(EXERCISE): What you produce should match the records below precisely, except that images are removed.

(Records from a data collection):
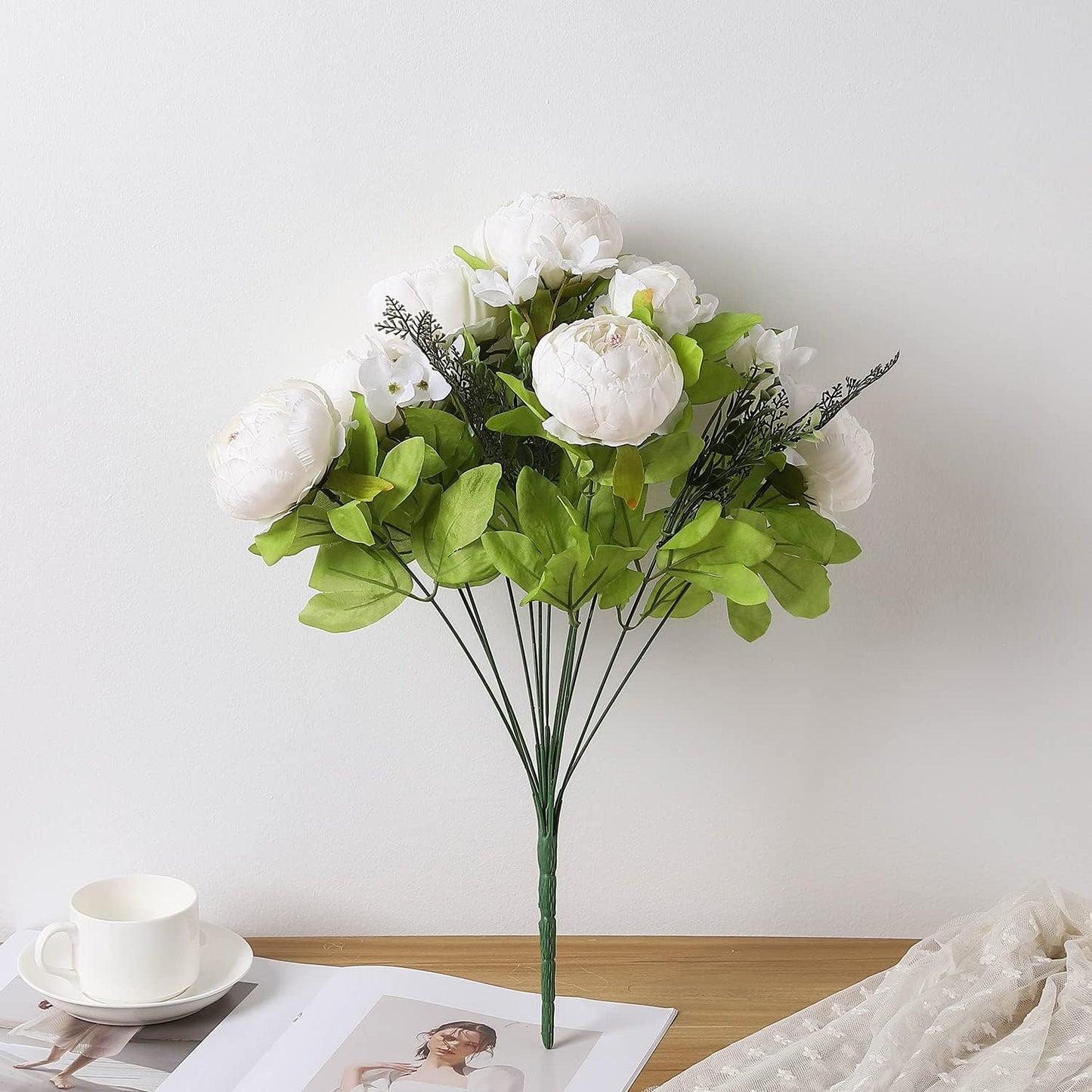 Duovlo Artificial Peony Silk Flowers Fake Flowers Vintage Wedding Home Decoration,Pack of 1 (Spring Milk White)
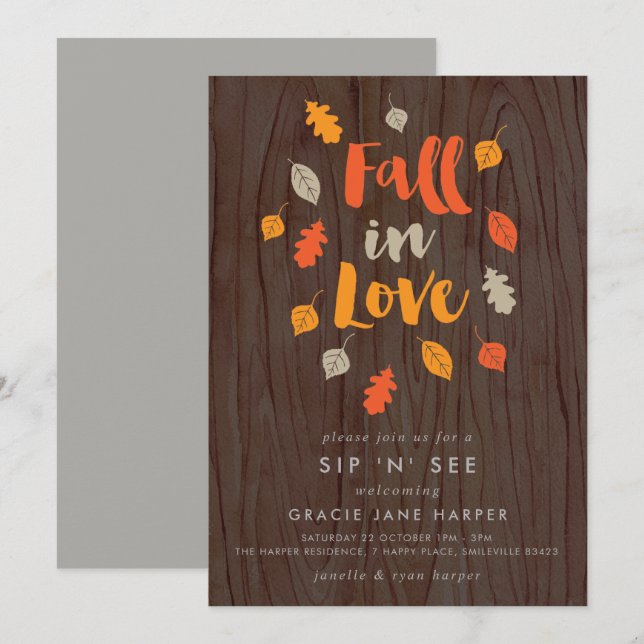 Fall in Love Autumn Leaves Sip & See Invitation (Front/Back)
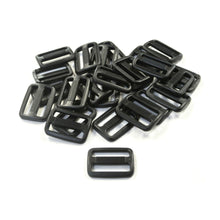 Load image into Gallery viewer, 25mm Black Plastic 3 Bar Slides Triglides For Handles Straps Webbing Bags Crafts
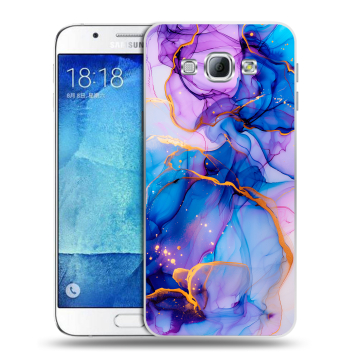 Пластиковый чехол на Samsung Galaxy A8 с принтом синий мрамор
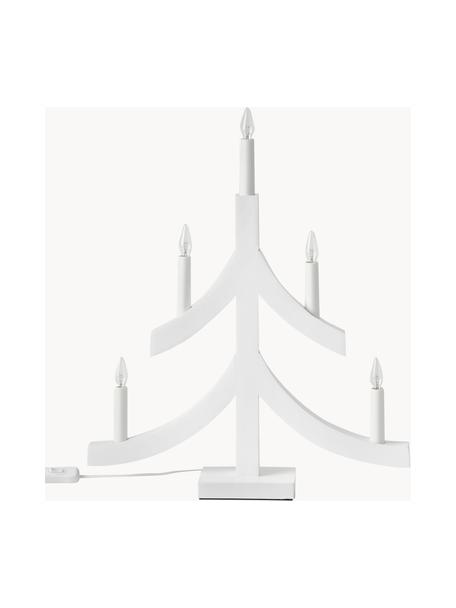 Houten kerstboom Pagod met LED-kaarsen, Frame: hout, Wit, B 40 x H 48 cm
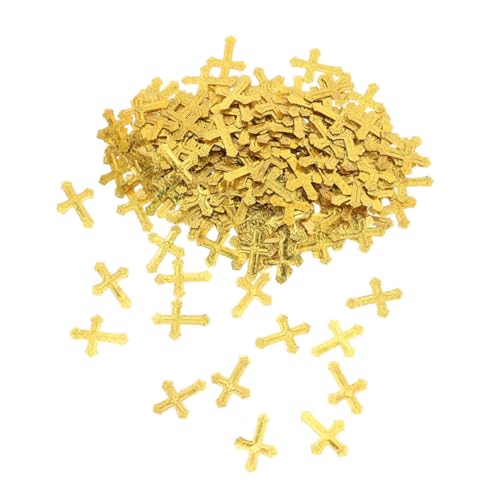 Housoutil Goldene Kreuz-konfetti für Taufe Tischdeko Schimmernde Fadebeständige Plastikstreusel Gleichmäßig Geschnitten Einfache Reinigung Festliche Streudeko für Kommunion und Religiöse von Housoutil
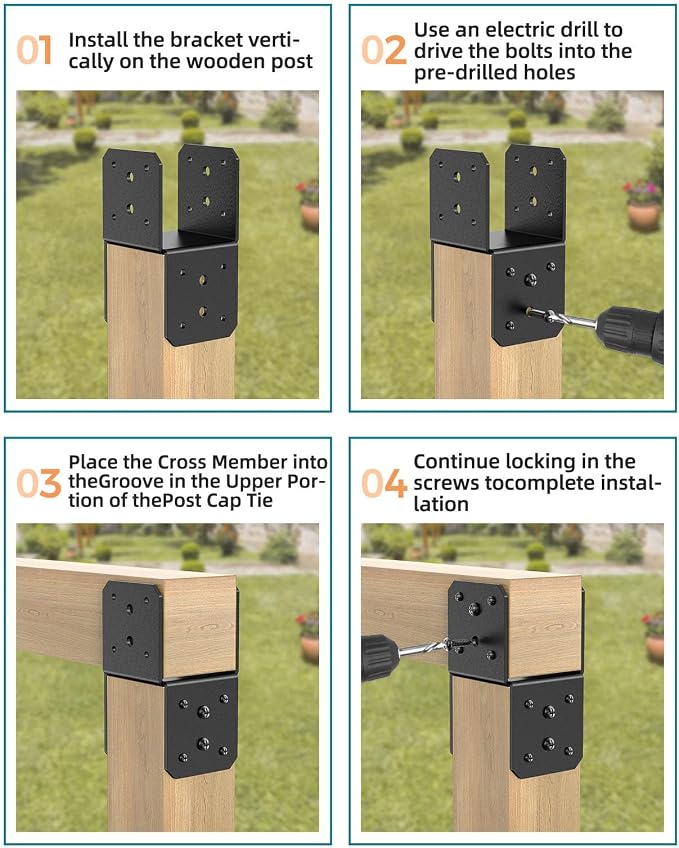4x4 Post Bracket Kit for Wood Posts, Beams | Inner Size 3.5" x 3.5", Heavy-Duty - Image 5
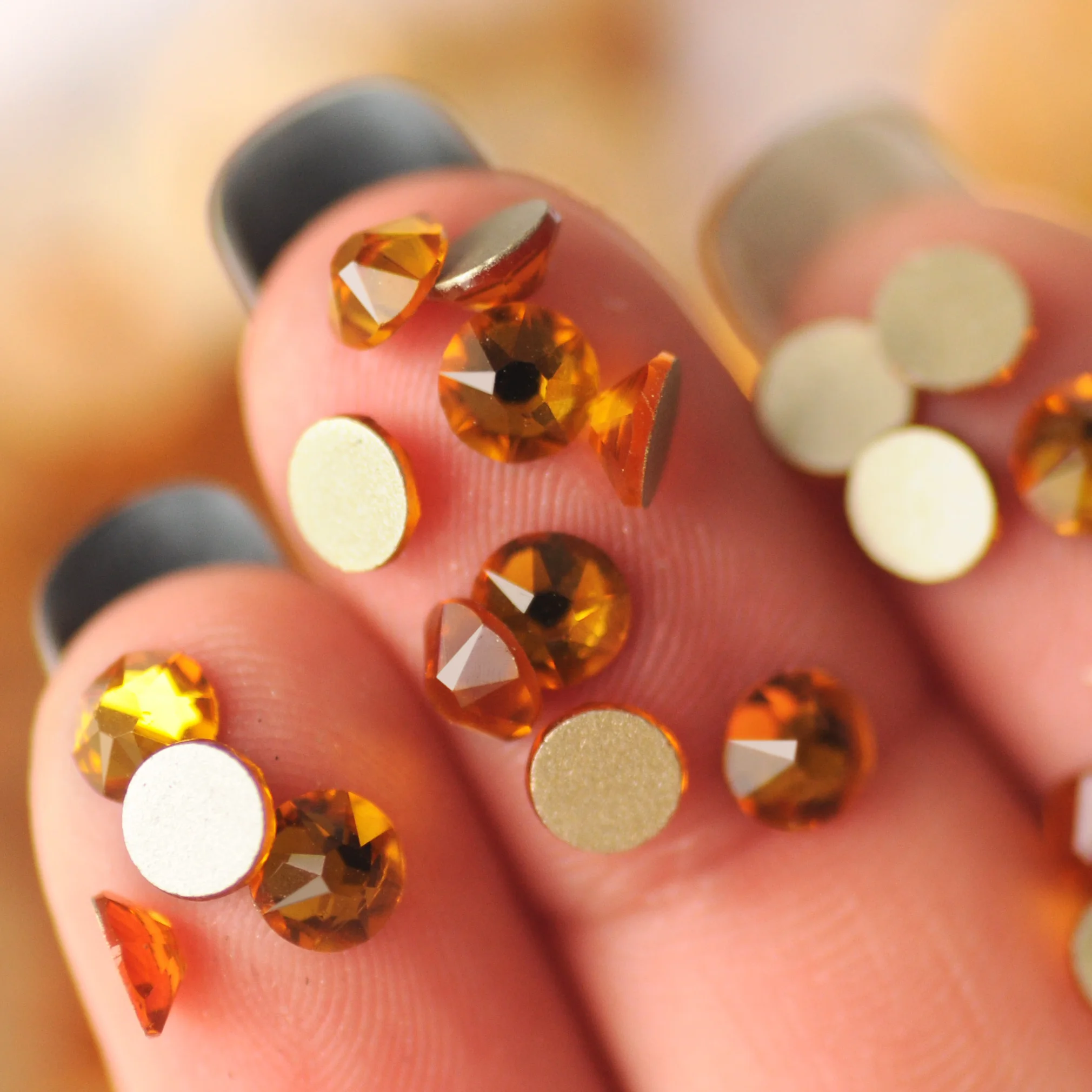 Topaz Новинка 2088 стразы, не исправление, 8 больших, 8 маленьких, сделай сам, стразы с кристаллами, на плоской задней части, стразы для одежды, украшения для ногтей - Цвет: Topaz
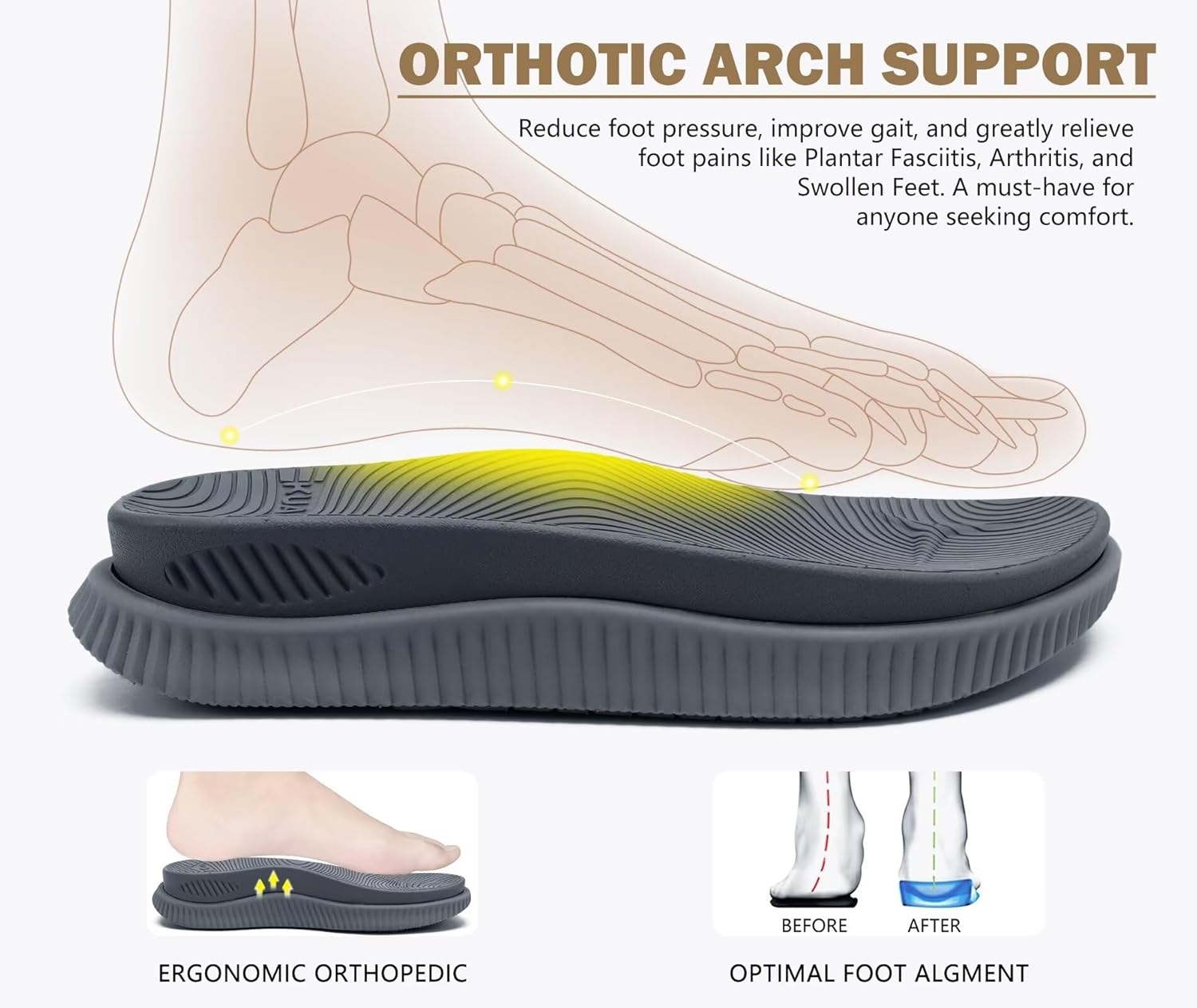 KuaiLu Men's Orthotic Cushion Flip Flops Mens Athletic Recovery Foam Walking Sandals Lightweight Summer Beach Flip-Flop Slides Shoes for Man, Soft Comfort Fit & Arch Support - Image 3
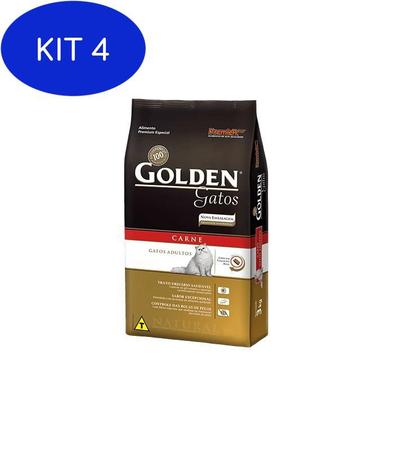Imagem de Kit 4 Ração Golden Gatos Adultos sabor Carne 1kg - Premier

(SOLUTION):
 Duovlo Artificial Peony Silk Flowers Fake Flowers Vintage Wedding Home Decoration,Pack of 1 (Spring Milk White)
 Fall in Love Autumn Leaves Sip & See Invitation (Front/Back)
 Load image into Gallery viewer, 25mm Black Plastic 3 Bar Slides Triglides For Handles Straps Webbing Bags Crafts
 Пластиковый чехол на Samsung Galaxy A8 с принтом синий мрамор
 Houten kerstboom Pagod met LED-kaarsen, Frame: hout, Wit, B 40 x H 48 cm
 Housoutil Goldene Kreuz-konfetti für Taufe Tischdeko Schimmernde Fadebeständige Plastikstreusel Gleichmäßig Geschnitten Einfache Reinigung Festliche Streudeko für Kommunion und Religiöse von Housoutil
4x4 Post Bracket Kit for Wood Posts, Beams | Inner Size 3.5" x 3.5", Heavy-Duty - Image 5
 Topaz Новинка 2088 стразы, не исправление, 8 больших, 8 маленьких, сделай сам, стразы с кристаллами, на плоской задней части, стразы для одежды, украшения для ногтей - Цвет: Topaz
 KuaiLu Men's Orthotic Cushion Flip Flops Mens Athletic Recovery Foam Walking Sandals Lightweight Summer Beach Flip-Flop Slides Shoes for Man, Soft Comfort Fit & Arch Support - Image 3
Imagem de Kit 4 Ração Golden Gatos Adultos sabor Carne 1kg - Premier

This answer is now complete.